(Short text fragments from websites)

= = =

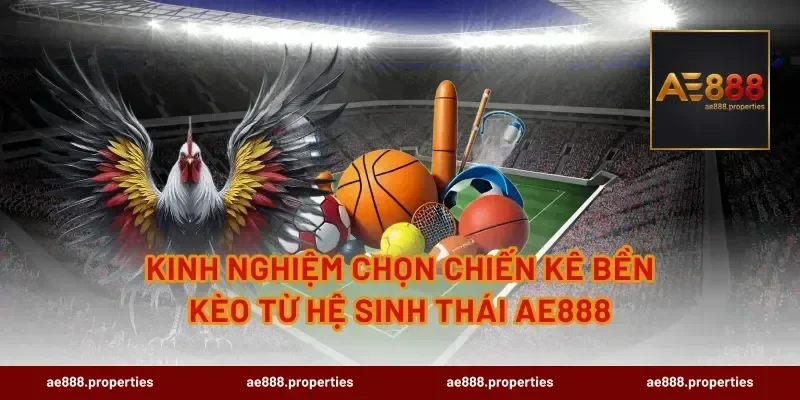 Kinh nghiệm chọn chiến kê bền kèo từ hệ sinh thái AE888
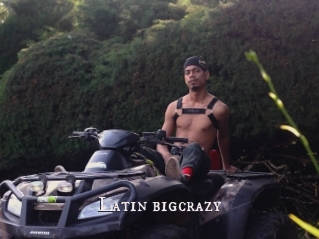 Latin_bigcrazy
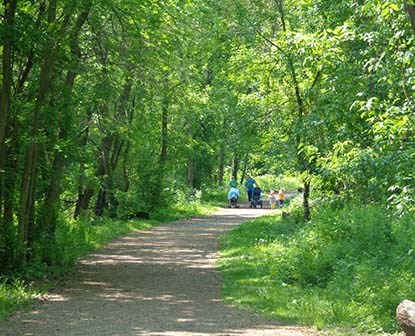 A forested trail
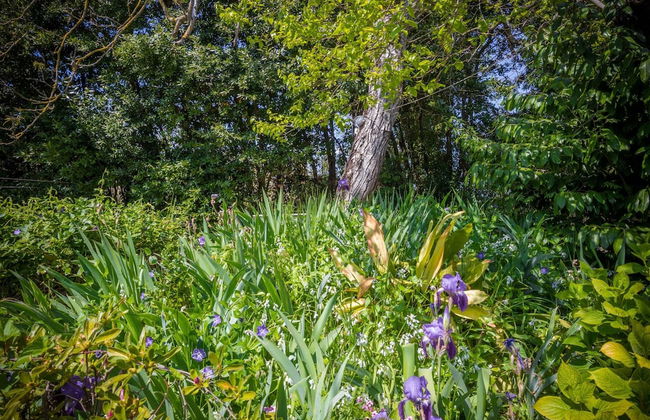 Belvilla by OYO Arte e Orto - Foto 14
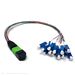 Stock 13.80 Inch (35 cm) 12 Fiber 1 X 12 MPO APC Male to 12 X LC UPC Simplex Singlemode OFNR Riser Rated Fiber Optic Fanout Cable Assembly - Method A Straight Through - 0.09mm Furcation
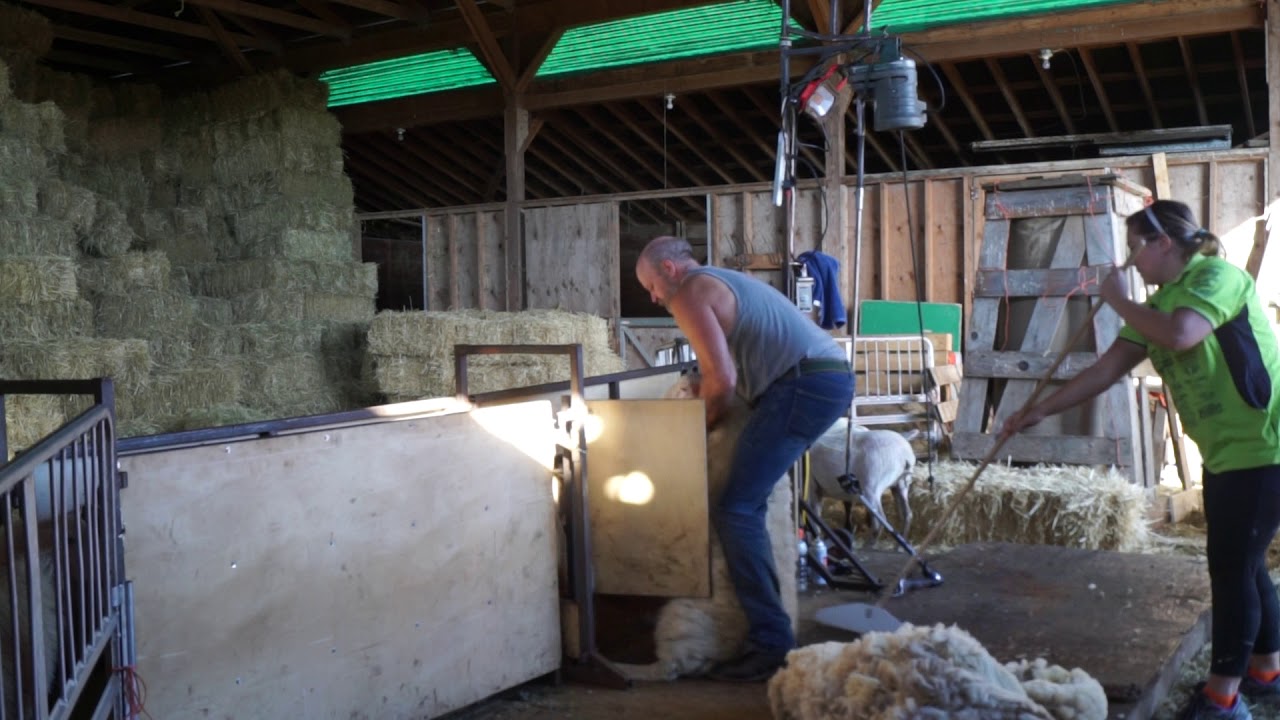 Lamb shearing at Parry Bay Sheep Farm 09/22/2017 YouTube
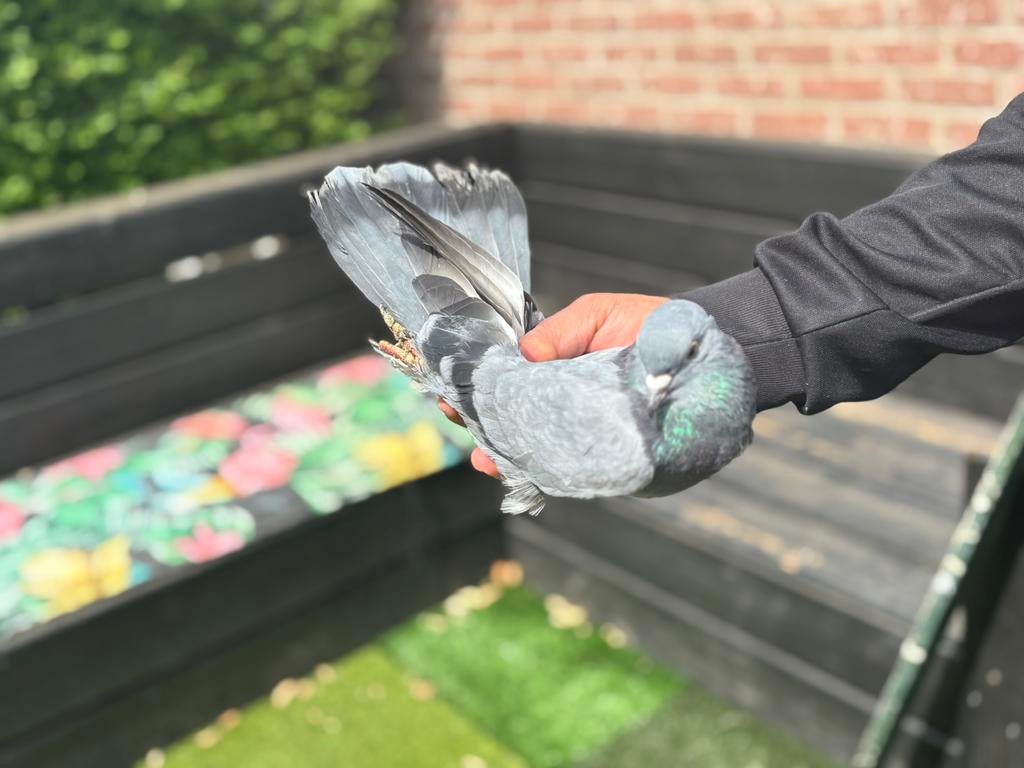 Duiven takla man, zes maanden oud, Dieren en Toebehoren, Vogels | Duiven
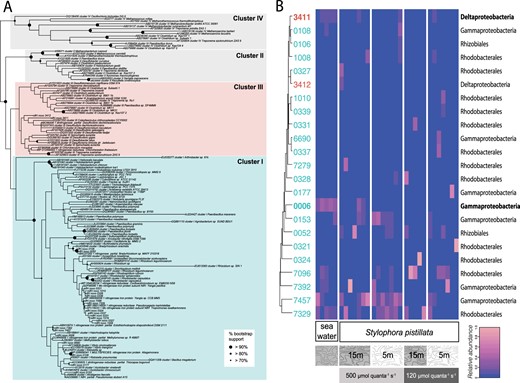 nifH diversity recovered from Stylophora pistillata. a Maximum-likelihood topology of nifH sequences, rooted with non-nitrogen-fixing Cluster IV (see Fig. S1 for expanded nifH phylogeny). Novel nifH phylotypes from S. pistillata are denoted as “nifH novo” and boot strap >70% is indicated on applicable nodes. b Relative abundance of nifH phylotypes across S. pistillata samples by treatment. nifH phylotypes are hierarchically clustered by abundance similarity. Newly recovered nifH novo phylotypes are colored to match cluster of origin in b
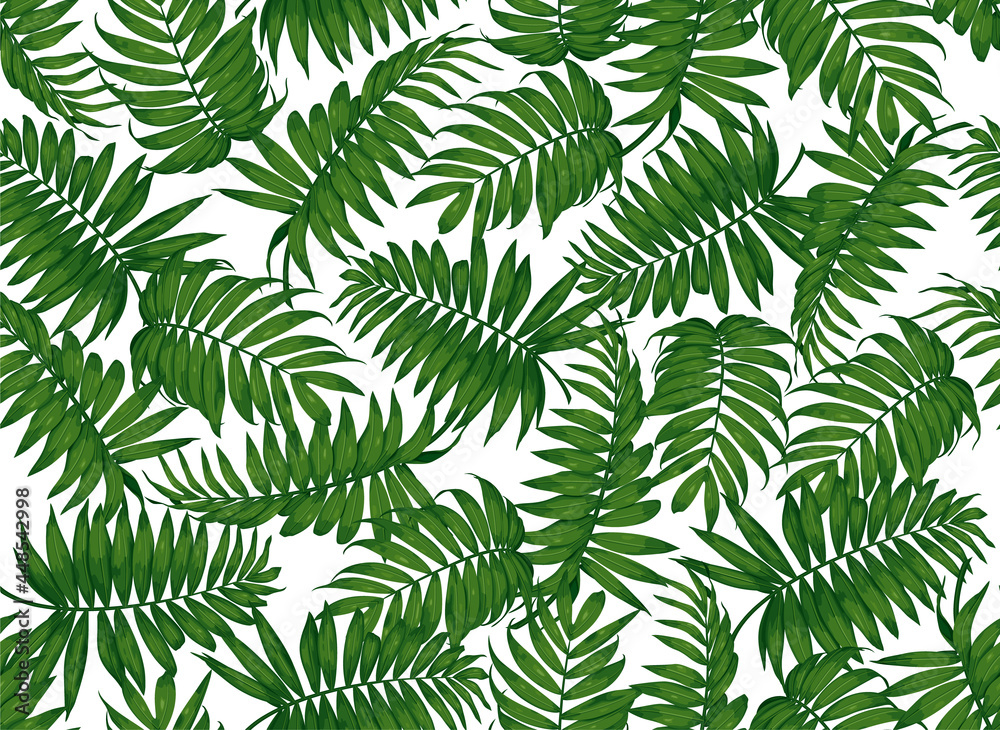 seamless pattern with tropical leaves. Tropical green palm leaf on white background. top view. Vector illustration.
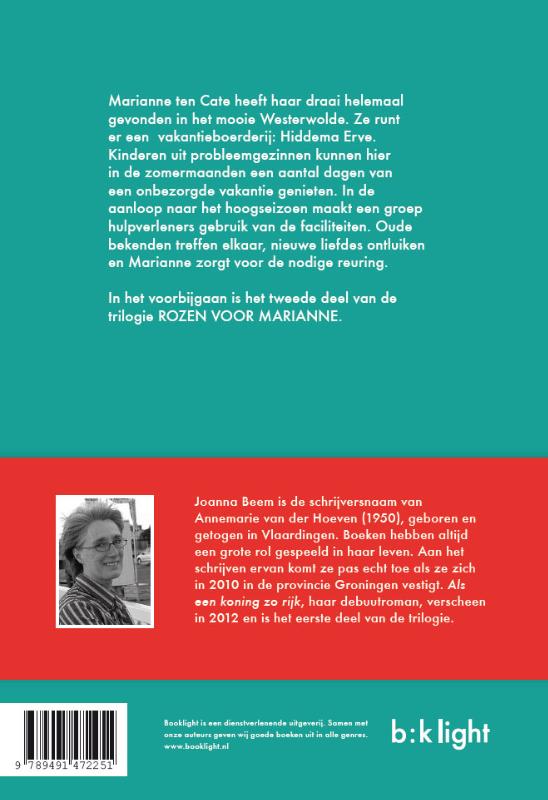 Achterkant van In het voorbijgaan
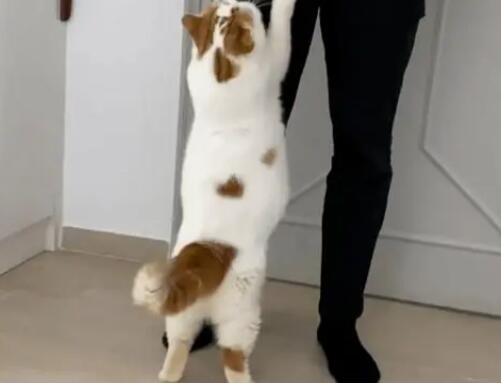 猫咪为什么总是扑人 猫咪为什么总是扑人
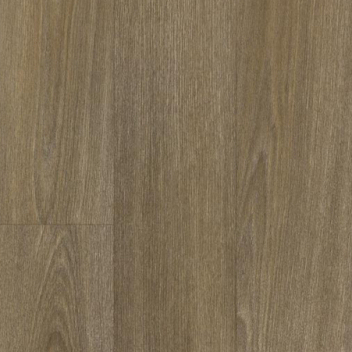 Sarlon Compact Chene XL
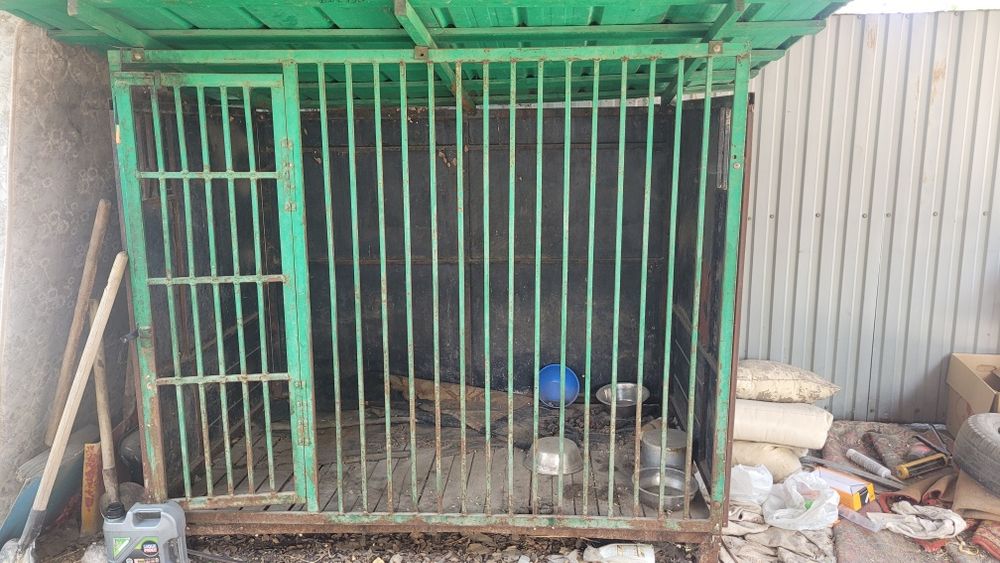 Валер для собак зелёный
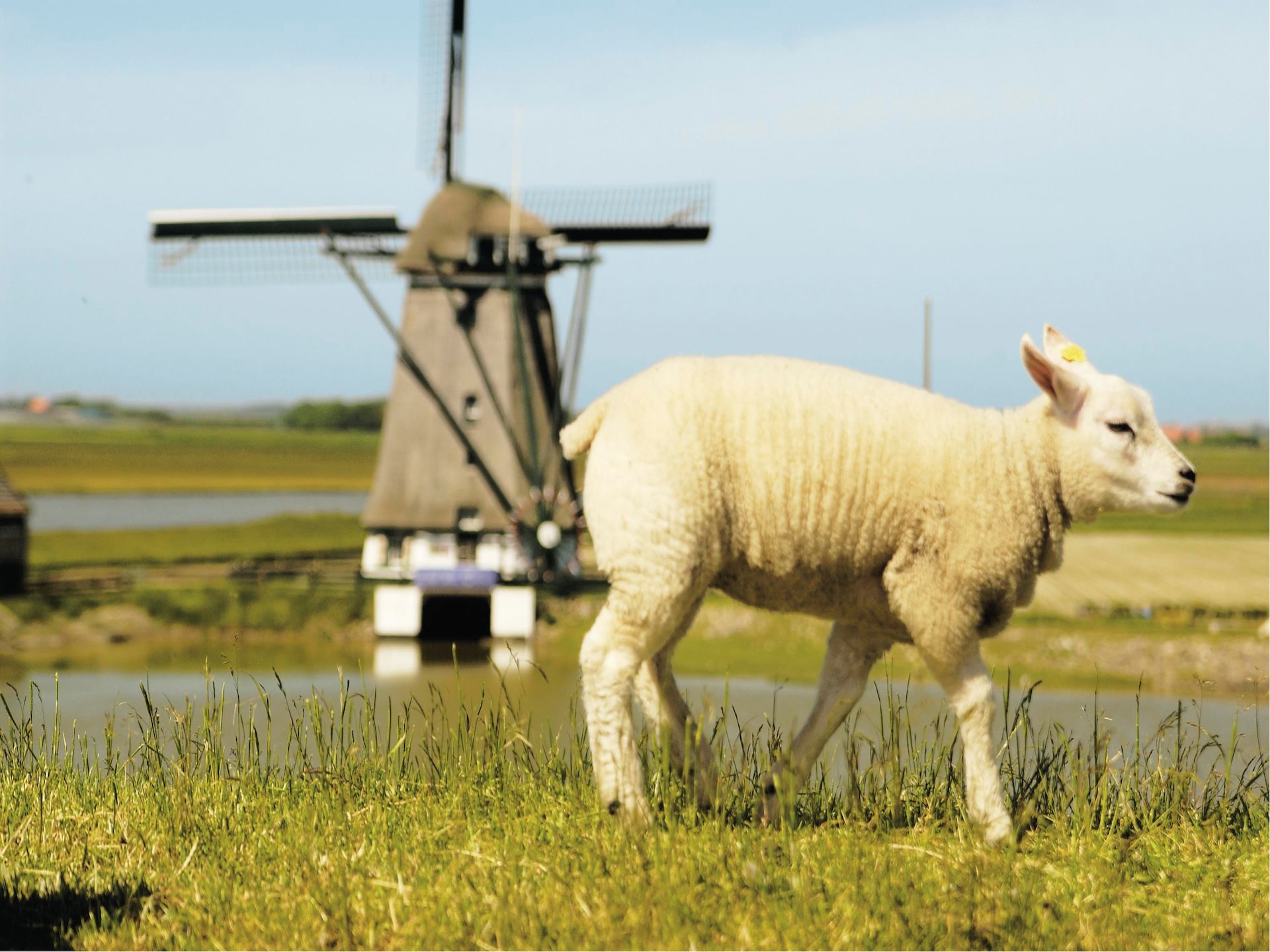 Modern vakantiehuis op Kustpark Texel, 2 km van Noordzee strand - foto 40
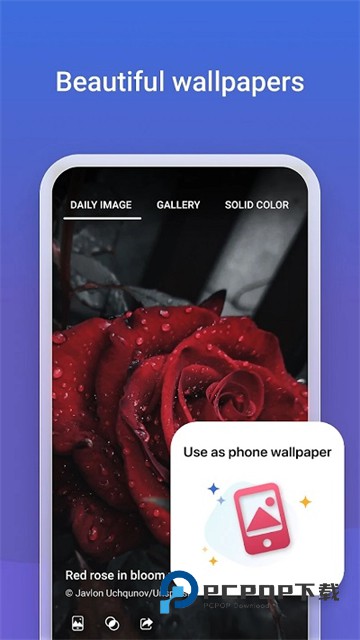 必应浏览器国际版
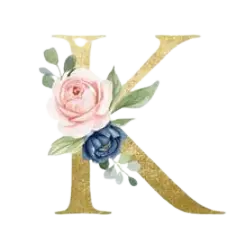 Kinggrab.com Favicon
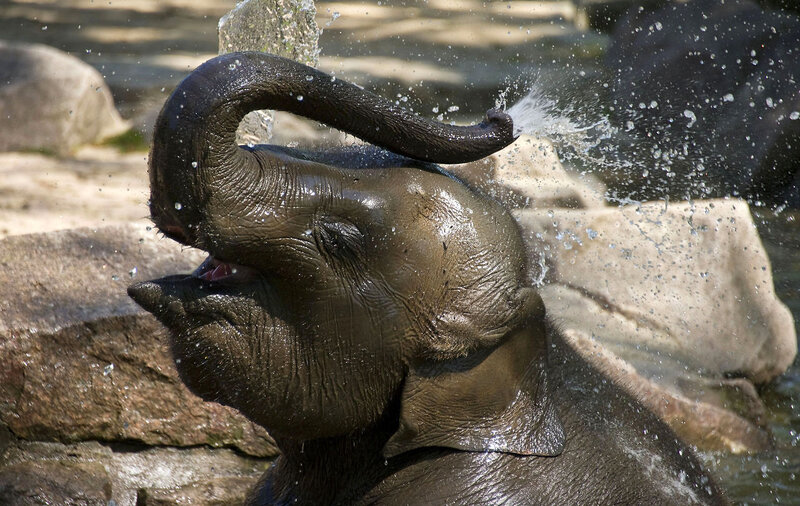 Baby Elephant Spraying Water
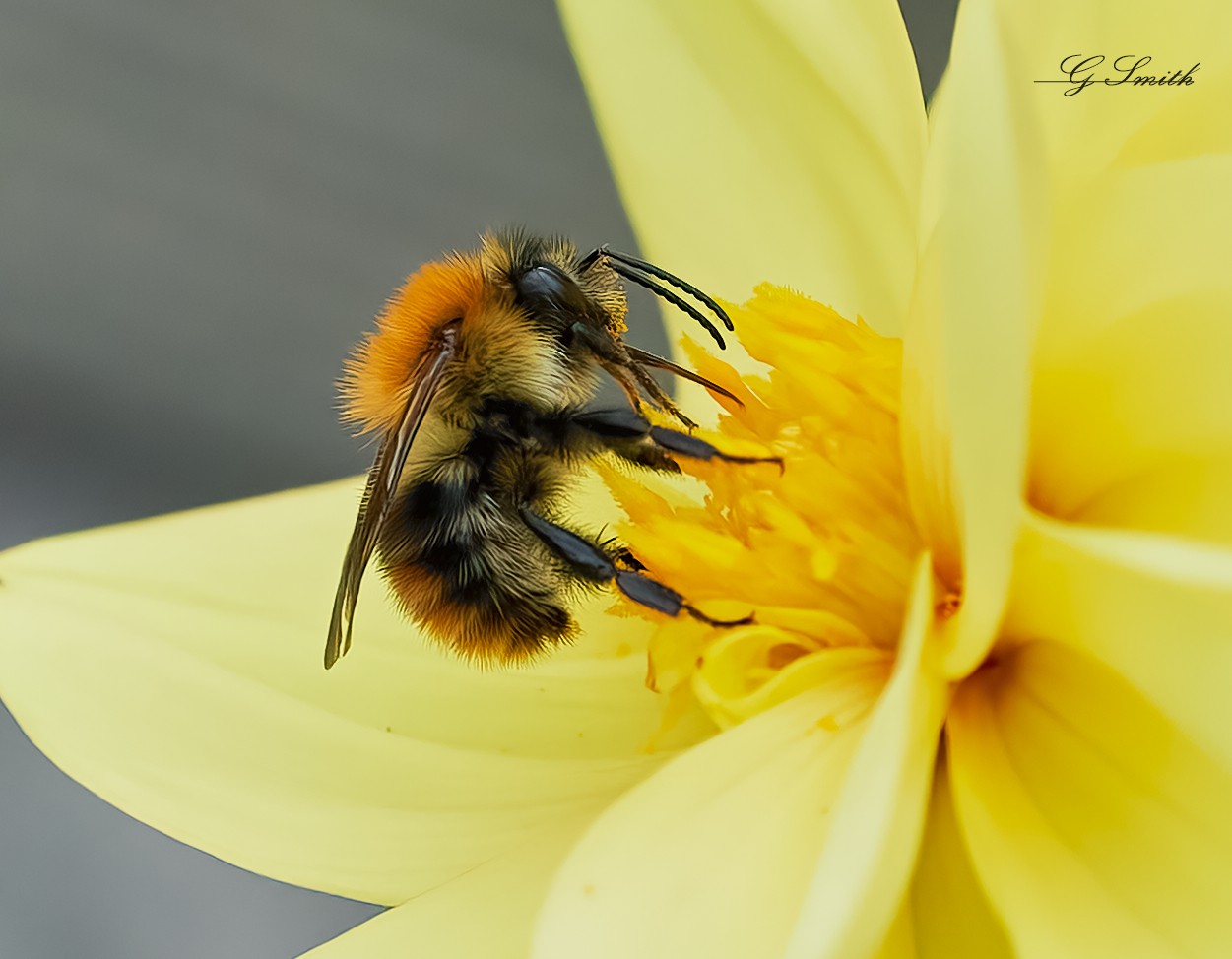 bees 2022  15.jpg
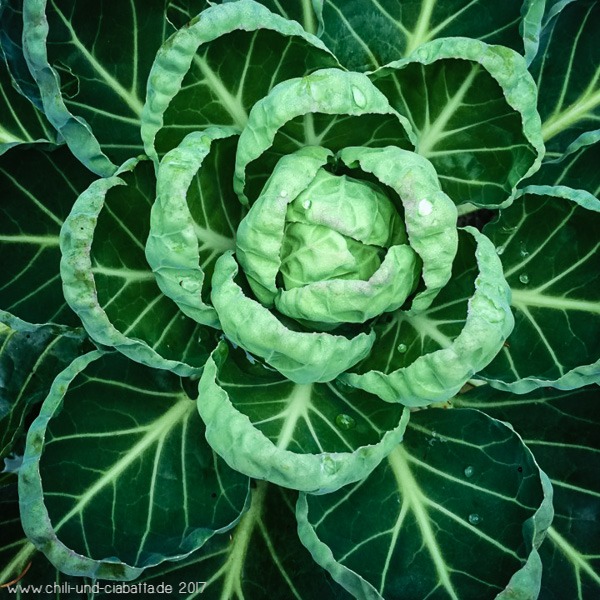 Rosenkohl von oben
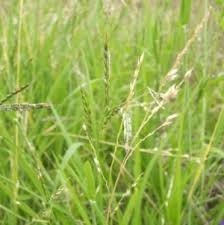 Image result for Eriochloa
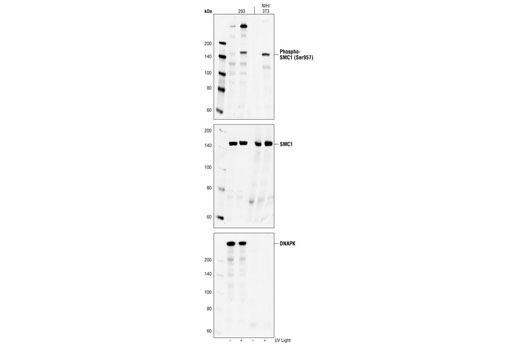 Western Blotting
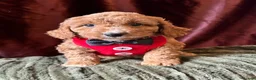 Cavapoo dogs for sale: Real Life Teddys Looking for love  - Advert 12
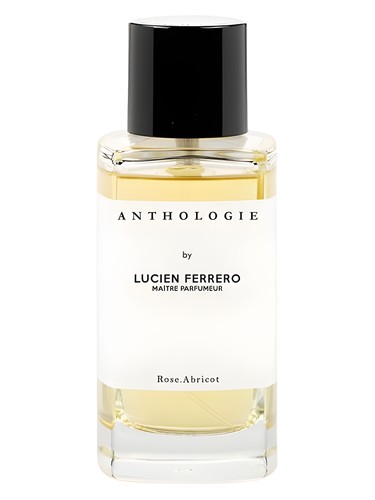 Anthologie Rose Abricot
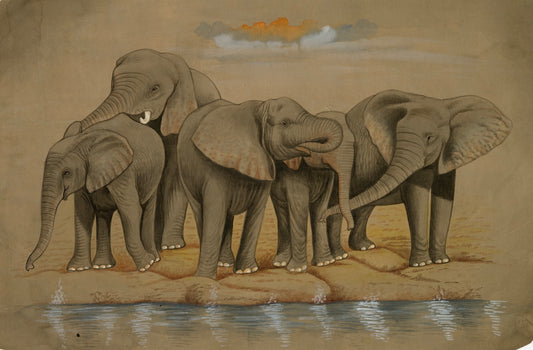 Joyful Elephant Bath - Nakhrro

= = =

§ **Requirement**: The line containing "nifH diversity recovered" and every line after it, up to the last line of the data, should be returned exactly, without the pictures.

§ **Result of this task**:
 nifH diversity recovered from Stylophora pistillata. a Maximum-likelihood topology of nifH sequences, rooted with non-nitrogen-fixing Cluster IV (see Fig. S1 for expanded nifH phylogeny). Novel nifH phylotypes from S. pistillata are denoted as “nifH novo” and boot strap >70% is indicated on applicable nodes. b Relative abundance of nifH phylotypes across S. pistillata samples by treatment. nifH phylotypes are hierarchically clustered by abundance similarity. Newly recovered nifH novo phylotypes are colored to match cluster of origin in b
 seamless pattern with tropical leaves. Tropical green palm leaf on white background. top view. Vector illustration.
 Achterkant van In het voorbijgaan
 猫咪为什么总是扑人 猫咪为什么总是扑人
 Sarlon Compact Chene XL
 Валер для собак зелёный
 Modern vakantiehuis op Kustpark Texel, 2 km van Noordzee strand - foto 40
 必应浏览器国际版
 Kinggrab.com Favicon
 Baby Elephant Spraying Water
 bees 2022  15.jpg
 Rosenkohl von oben
 Image result for Eriochloa
 Western Blotting
 Cavapoo dogs for sale: Real Life Teddys Looking for love  - Advert 12
 Anthologie Rose Abricot
 Joyful Elephant Bath - Nakhrro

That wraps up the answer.